Nor is she done with her work at the CDT. She has a number of goals for the upcoming nine months, not the least of which is finding a replacement. The CDT’s board has created a search committee, led by Chair Deirdre Mulligan and including Bill Bernstein, Danny Weitzner and Harris, and they’ve selected Russell Reynolds to assist in the search for a new president.
As for Harris personally, she said she’s looking for “someone with the capacity to globalize CDT…someone who understands the space and the issues.” Of course, an ability to raise money is important, too, but also “an ability to retain the culture,” Harris said. “I lead a band of equals, and that’s part of our strength. It needs to be someone who understands that this organization is not about them.”
Further, the job gets harder every day.
“When I came in,” Harris said, “privacy was on the agenda…but the issues were much more straightforward. The storage revolution, the addition of Big Data analytics and the growing appetite for access to data held by the private sector, the increasing flow of data through the cloud—all of that has taken privacy from small discussions to key global debates in the course of my tenure here. And I don’t know that we’ve made the progress I’d have liked.”
While the organization has grown from nine people focused on Washington, DC, to nearly 30 focused on the world at large, there still is not, for example, a baseline consumer privacy bill in the United States. There still has not been ECPA reform.
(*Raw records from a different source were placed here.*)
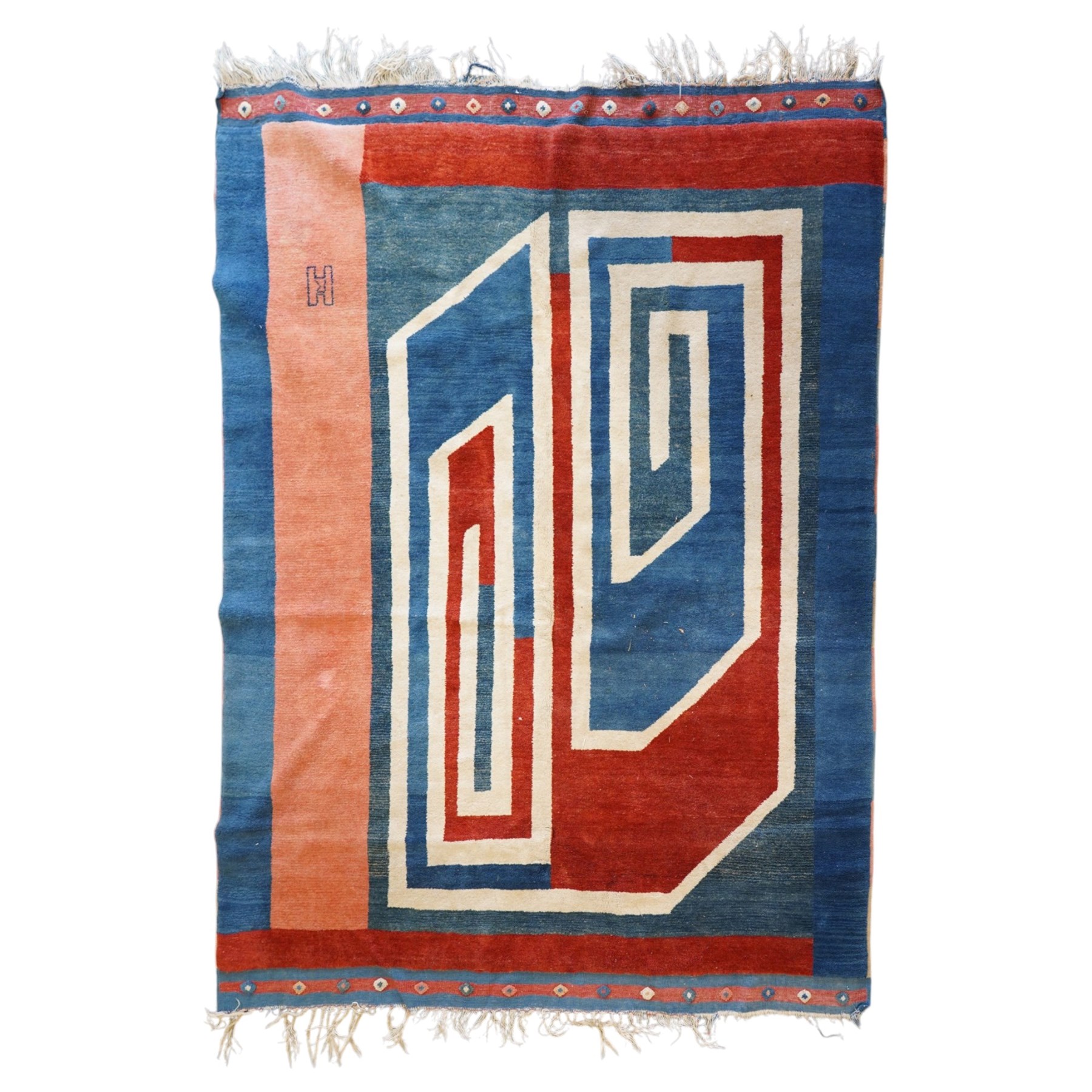 20th century Anatolian Turkish indigo ground rug with Art Deco inspired abstract design in tones of ivory, crimson and coral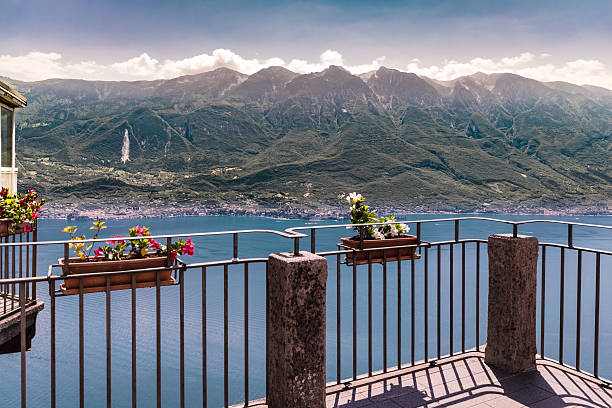 istock Flowered terrace overlooking Lake Garda. 613019032
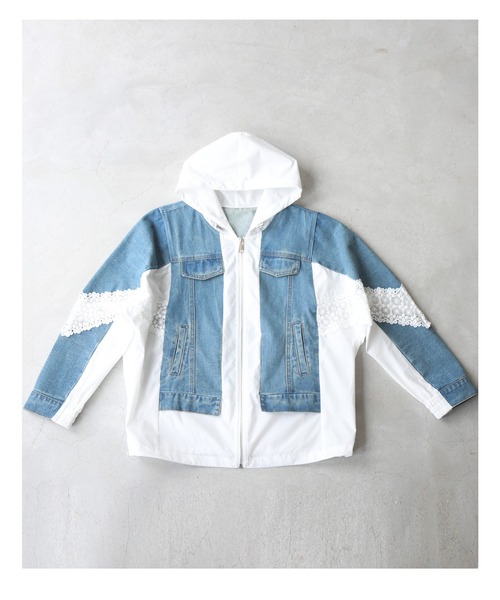 cawaii(カワイイ)の「デニムなのに重さも見た目も超軽量 パーカー風Gジャン(デニムジャケット・レディース・ブルー・FREE)」の14枚目の写真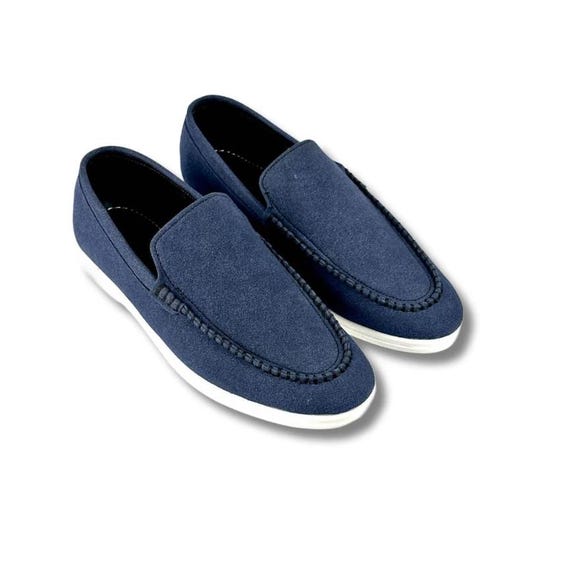 Blue Suede Slip-On Loafers with Moccasin Stitching Men Handmade Blue Suede Tassels Shoes Slip on Loafer  main image 3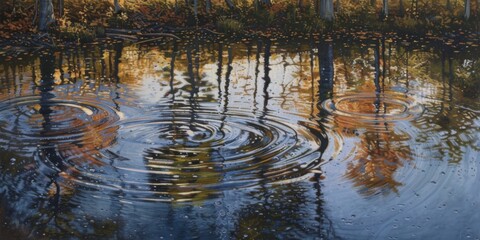 Autumnal Serenity on Water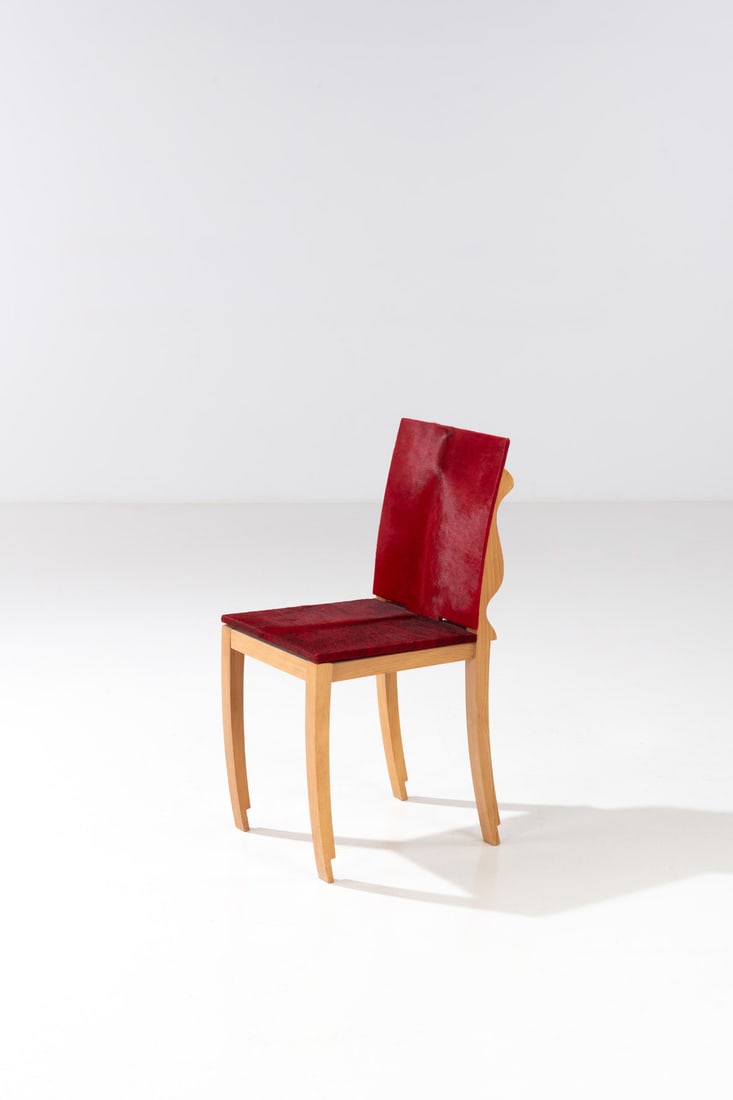 Éric Jourdan (born 1961) (after), & Olivier Massart 'Ker' chair - Unique piece: Éric Jourdan (born 1961) (after), & Olivier Massart'Ker' chair - Unique pieceSolid beech wood massif and synthetic hideEdited by NéotùModel created in 1988H 80 × L 35,5 × W 40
The progress the Federal Trade Commission has made in understanding privacy is gratifying, Harris said, but she’s disappointed by the lack of progress made otherwise in both the U.S. legislature and with the EU regulation reform. She’s encouraged by the Obama administration’s proposed Consumer Privacy Bill of Rights, saying “it’s a good model and takes into account innovation over time,” but the lack of movement in the legislature doesn’t leave her hopeful.
With that said, however, Harris does see the new Texas e-mail bill, the new bills in Montana and Maine require warrants for cellphone location tracking and the various social media access bills as steps in the right direction, legislatively.
One of the biggest problems, she feels, is that “the appetite for data is increasing far faster than the consumer can understand or even knowledgeable advocates like the CDT can keep up with. What was a fairly level and understandable conversation about who had your data and what obligations they had now extends to an enormous universe of players, many of whom a consumer has no idea that they have their data, and it’s such a complex environment that I worry that anybody, let alone lawmakers, will be able to unpack it in a way that’s useful rather than harmful.”
And there enters the chief privacy officer.
“Good privacy officers don’t view their role as just compliance,” she said. “It seems to me that an officer has an obligation to go quite far to explain the collection and uses of data to consumers in ways that are understandable and give them real and meaningful choices about that information. I think a privacy officer needs to be challenging the decisions of the company, not just saying, ‘If you’re doing this program, here’s the safeguards you put around it.’ I think they should be asking the question of whether they should be doing this program at all.”
Further, she believes the chief privacy officer (CPO) has new demands in consideration of the recent NSA revelations. Maybe a program of data collection would be good for the business, but if it opens up the possibility of vast government collection of that data, Harris feels privacy officers have an obligation to protect customers from that potential government intervention.
“Maybe six or seven years ago,” Harris said, “I remember raising the point that it was harder and harder to think about the consumer privacy questions without understanding the government privacy questions, and people were not happy with that. They wanted to bifurcate those two questions and not allow that to taint their nicely designed programs for legitimate purposes. But I don’t think you can continue to do that. Data collected by private companies is the principal fuel for our growing government surveillance programs…CPOs need to be thinking bigger than the accountability questions that good privacy officers ask now.”
Which is not to say Harris believes companies are shirking their duties to protect consumer privacy. She points to private industry’s support of ECPA reform and those who’ve joined the Digital Due Process Coalition as good corporate actors.
“But the most compelling example right now,” she said, “is the companies that have been pushing back on the national security demands: Yahoo's challenge to the statute at the FISA court, Microsoft and Google's challenge to the gag on the basis of their First Amendment rights. Companies do have obligations under human rights law. It is not the same as government responsibility, but there is a ‘duty to respect.’ Resisting and challenging overbroad government demands is certainly part of that obligation.”